Terminal sessions run in isolated Docker containers. The system needs to spin up containers, execute commands, stream PTY output back and forth. All the things that require direct access to Docker’s API. Railway’s container platform doesn’t expose the Docker socket. It’s not a bug; it’s by design. They’re running your containers, not giving you access to run more containers inside.

The choice was: abandon the terminal feature, rebuild everything somewhere else, or use Railway for what it’s good at and run the terminal container on infrastructure we control.

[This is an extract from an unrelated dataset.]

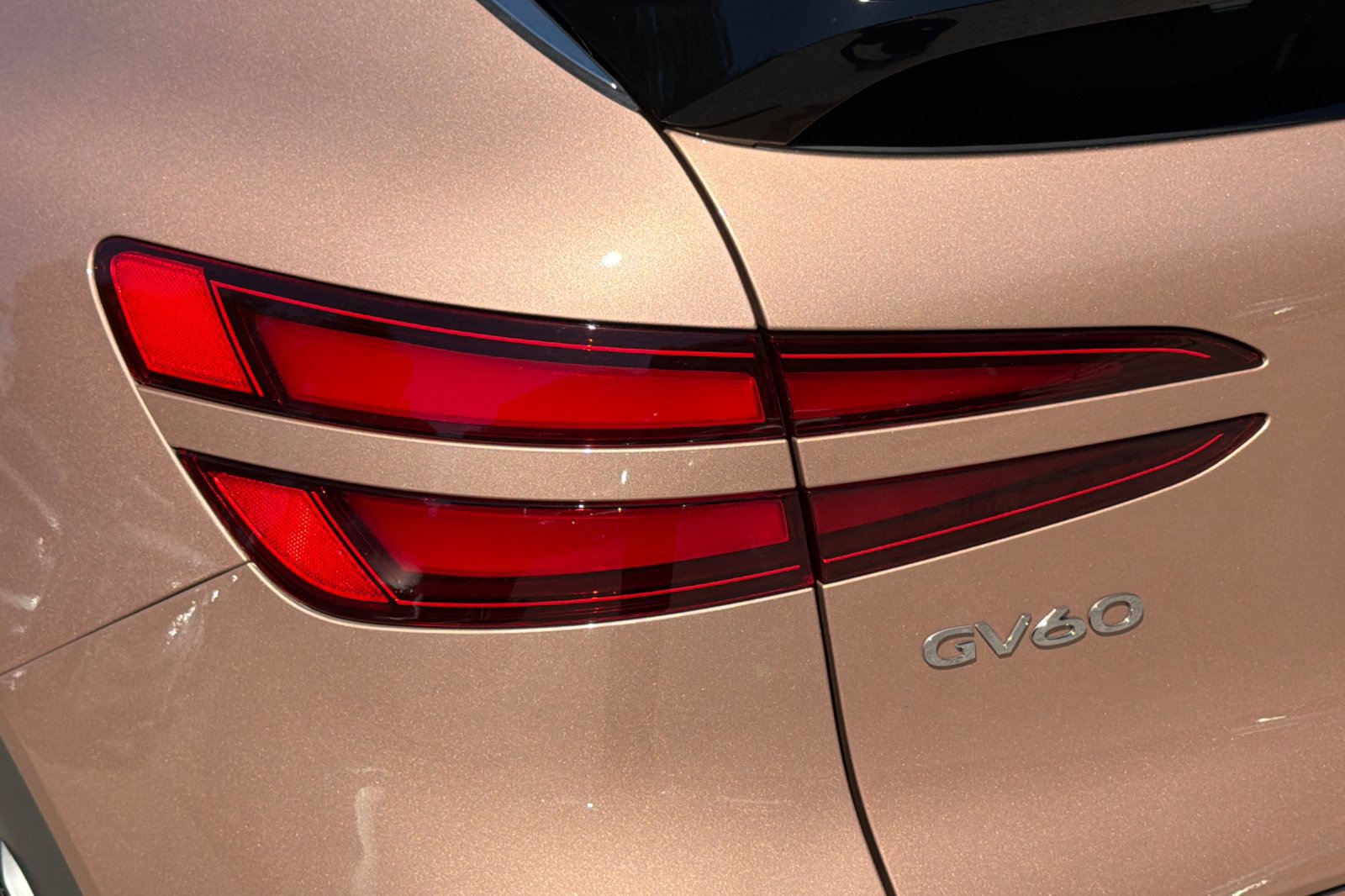 Used 2023 Genesis GV60 Advanced AWD/4WD image 35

We picked door number three.

The Hybrid Solution

The architecture is straightforward:

  1. Railway hosts the web frontend and API backend. Stateless services that scale nicely.
  2. AWS EC2 hosts the terminal container. A single t3.micro instance running Docker with TLS enabled.
  3. The API on Railway talks to Docker on EC2 over a secure TLS connection with mutual certificate authentication.
  4. GitHub Actions orchestrates everything. One CI/CD system that deploys both pieces.

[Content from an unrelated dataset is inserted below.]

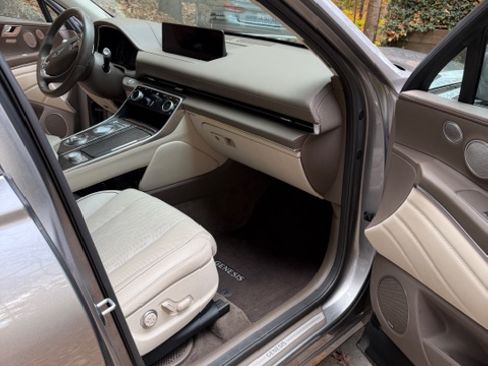 Used 2021 Genesis GV80 2.5T w/ Advanced Package 02 image 12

The terminal container lives on EC2 because it needs the Docker socket. The API lives on Railway because it doesn’t. Simple as that.

How It Works: One Git Push, Three Deployments

When you push code to main, three things happen in parallel.

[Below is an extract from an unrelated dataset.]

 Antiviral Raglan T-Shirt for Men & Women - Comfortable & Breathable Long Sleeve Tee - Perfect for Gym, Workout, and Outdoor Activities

First, CI runs tests on every push and pull request. The backend tests start Docker services (Redis and the terminal container), then run unit tests and integration tests. The frontend tests run TypeScript checks, the linter, and build the React app. A separate job builds both Docker images to verify they compile. Fast feedback. Tests pass, code moves forward. Tests fail, nothing deploys.

Second, infrastructure deploys when you change IaC code. This workflow only runs when you change Pulumi files, Dockerfiles, or docker-compose configurations. It provisions the EC2 instance with Pulumi (creating the t3.micro instance, security groups, and elastic IP), generates TLS certificates, configures the Docker daemon on EC2, uploads client certificates to Railway as base64-encoded environment variables, and finally deploys the terminal container by SSHing to EC2.

Third, Railway auto-deploys on every push to main. Railway watches the GitHub repo. When code changes hit main, the web service rebuilds using the Dockerfile at the repo root (nginx serving static React build) and the API service rebuilds using the FastAPI Dockerfile. No GitHub Action needed. Railway handles it. They’re good at this part. The API service already has the Docker TLS environment variables from the infrastructure workflow, so it connects to EC2 and manages terminal containers remotely.

And one more thing: the blog deploys to GitHub Pages when content changes. When you change anything in the blog directory, GitHub Actions builds it with Jekyll and deploys to GitHub Pages. Even this blog post you’re reading right now was deployed from the same monorepo.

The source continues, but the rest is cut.